◆ ASSIGNED TASK ◆
Transcribe word for word the lines below from the line with "Michael Kors MK5605" through the line with "Willpower 12 inch", ends included.

◆ DATA TO EXAMINE ◆
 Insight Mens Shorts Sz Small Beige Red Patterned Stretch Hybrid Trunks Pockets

--

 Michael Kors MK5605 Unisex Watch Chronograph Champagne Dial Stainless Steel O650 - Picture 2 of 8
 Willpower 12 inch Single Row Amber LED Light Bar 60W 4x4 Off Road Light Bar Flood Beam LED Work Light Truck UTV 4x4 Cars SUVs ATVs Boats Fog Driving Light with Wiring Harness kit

◆ SOLVED EXERCISE ◆
 Michael Kors MK5605 Unisex Watch Chronograph Champagne Dial Stainless Steel O650 - Picture 2 of 8
 Willpower 12 inch Single Row Amber LED Light Bar 60W 4x4 Off Road Light Bar Flood Beam LED Work Light Truck UTV 4x4 Cars SUVs ATVs Boats Fog Driving Light with Wiring Harness kit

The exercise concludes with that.